Kelompok usia 20–24 tahun juga meningkat dari 13 menjadi 21 tersangka.

“Kelompok usia 15–19 tahun mengalami kenaikan paling tinggi secara persentase. Ini menjadi perhatian serius kami,” ujar Katik.

Ia membeberkan sejumlah faktor pemicu meningkatnya peredaran narkoba, di antaranya pesatnya perkembangan teknologi komunikasi yang memudahkan jaringan narkoba berkomunikasi dan memperluas peredaran.

“Perkembangan teknologi komunikasi yang sangat cepat memudahkan jaringan peredaran narkoba untuk memperluas jaringan, sehingga peredarannya semakin masif,” terangnya.

Faktor lain berasal dari pengaruh jaringan luar daerah. Menurut Katik, keberadaan tahanan kasus narkotika dari luar daerah yang menjalani masa tahanan di Trenggalek berpotensi memicu asimilasi dengan residivis.

“Kondisi tersebut membuka celah masuknya jaringan narkoba dari luar kota ke wilayah Trenggalek,” imbuhnya.
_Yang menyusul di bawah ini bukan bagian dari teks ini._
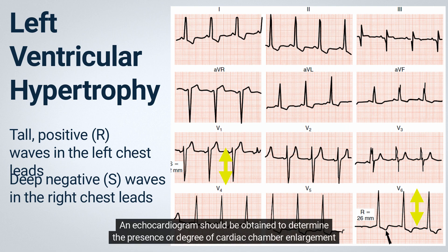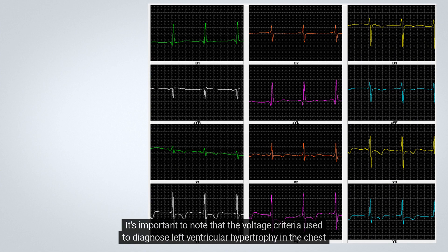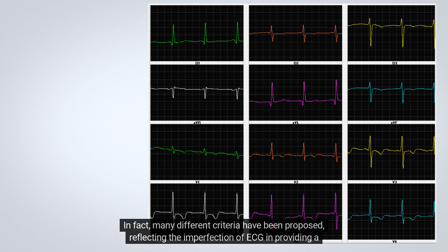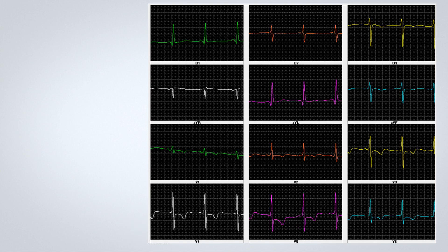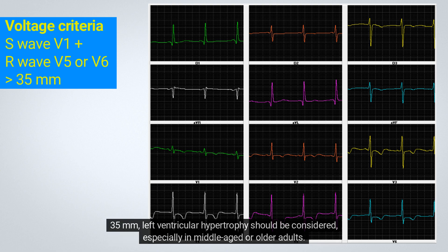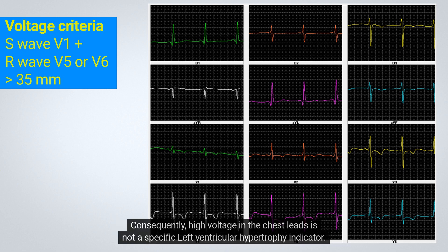An echocardiogram should be obtained to determine the presence or degree of cardiac chamber enlargement when necessary. It's important to note that the voltage criteria used to diagnose left ventricular hypertrophy in the chest and limb leads are by no means absolute numbers. In fact, many different criteria have been proposed, reflecting the imperfection of ECG in providing a test with both high sensitivity and specificity. If the sum of the depth of the S-wave in lead V1 and the height of the R-wave in either lead V5 or V6 exceeds 35 mm, left ventricular hypertrophy should be considered, especially in middle-aged or older adults. However, high voltage in the chest leads is a common normal finding, particularly in athletic or thin young adults, and consequently is not a specific left ventricular hypertrophy indicator.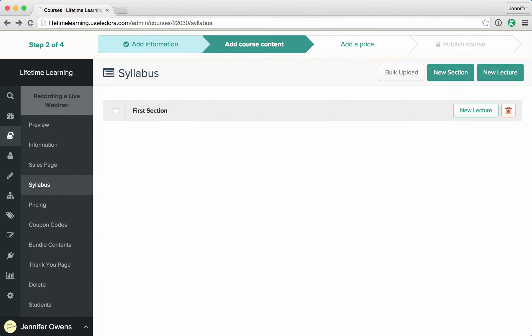By default, the first section is created for you. To rename this section, click the section name and give it your own name. Click the check or press enter when you're done.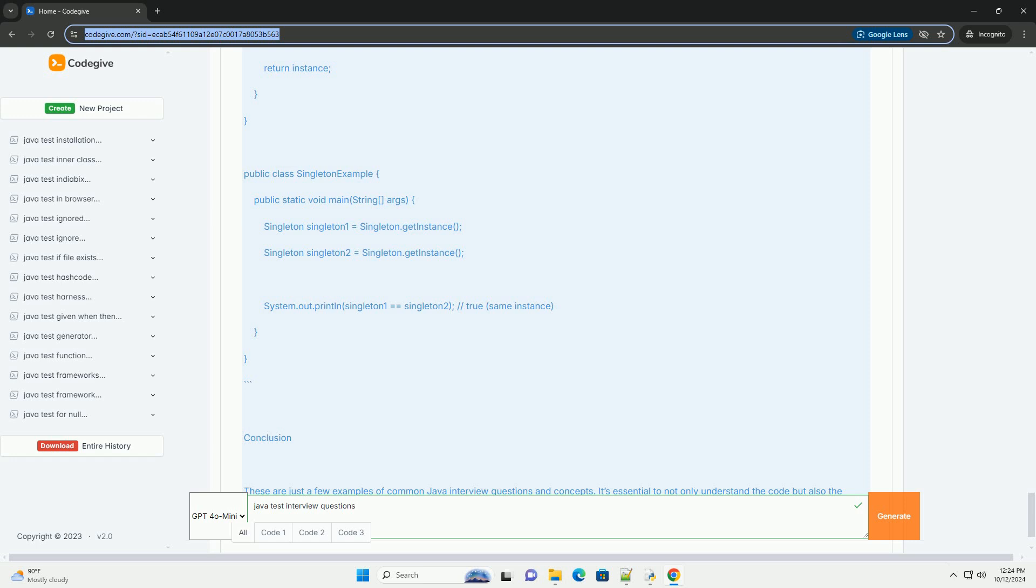Conclusion: These are just a few examples of common Java interview questions and concepts. It's essential to not only understand the code but also the underlying principles and when to apply each concept. Additionally, practicing coding problems on platforms like LeetCode or HackerRank can help you prepare for algorithm and data structure questions that may also come up in interviews. Good luck!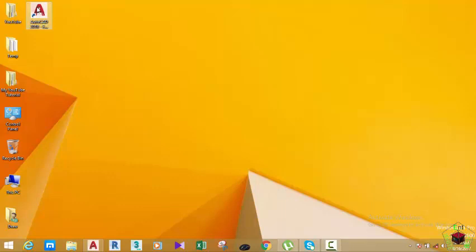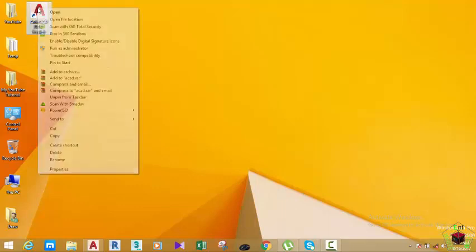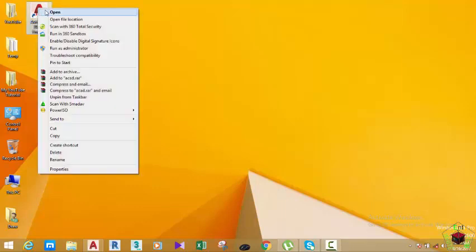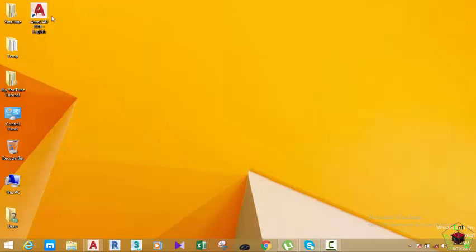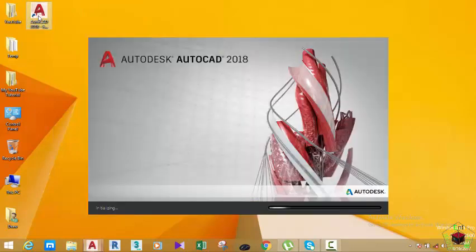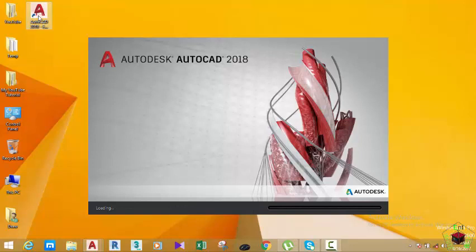At this time, if you have the AutoCAD icon, hover your mouse over it, right-click and select Open. Or you can also double-click the icon to launch AutoCAD. But if you don't have the desktop icon, skip this.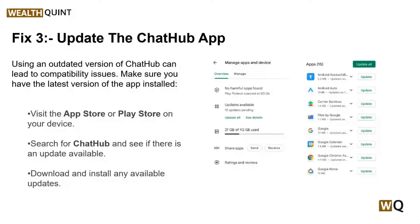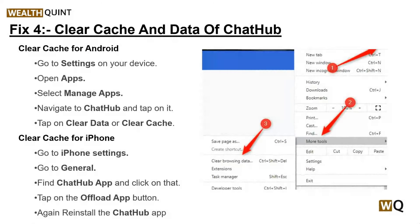Solution three: update the Chat Hub app. Using an outdated version of Chat Hub can lead to compatibility issues, so make sure you have the latest version installed. To check, visit the App Store or Play Store on your device and search for Chat Hub to see if any update is available, then download and install any available updates.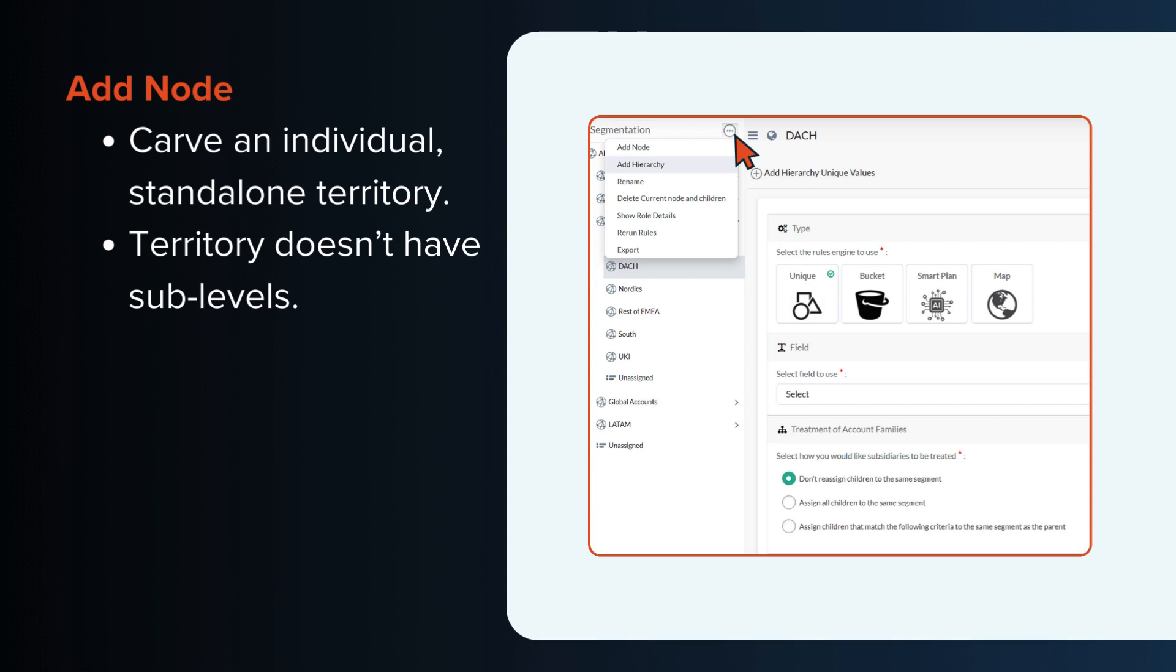If I choose add node, I'd be carving an individual standalone territory. This territory wouldn't have sub-levels and would follow unique rules distinct from other territories at the same level.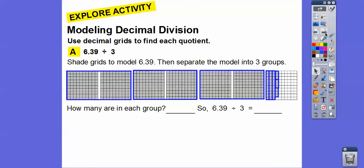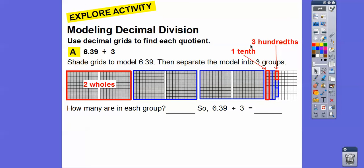So how many are in each group? We're going to separate them into groups of three. We'll take these two wholes, one of these tenths, and three of these hundredths. So how do we write that? We write this as 2.13. So when we divide that, we get 2.13.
Dari sisi barang bukti, terjadi peningkatan signifikan. Barang bukti sabu naik dari 95,97 gram pada 2024 menjadi 102,7 gram pada 2025. Sementara pil dobel L melonjak dari 20.168 butir menjadi 51.335 butir.

“Catatan ini menjadi dasar bagi kami untuk terus meningkatkan penindakan, pencegahan, serta edukasi kepada masyarakat agar lebih waspada dan aktif mengawasi generasi muda dari penyalahgunaan dan peredaran narkoba,” pungkas Katik.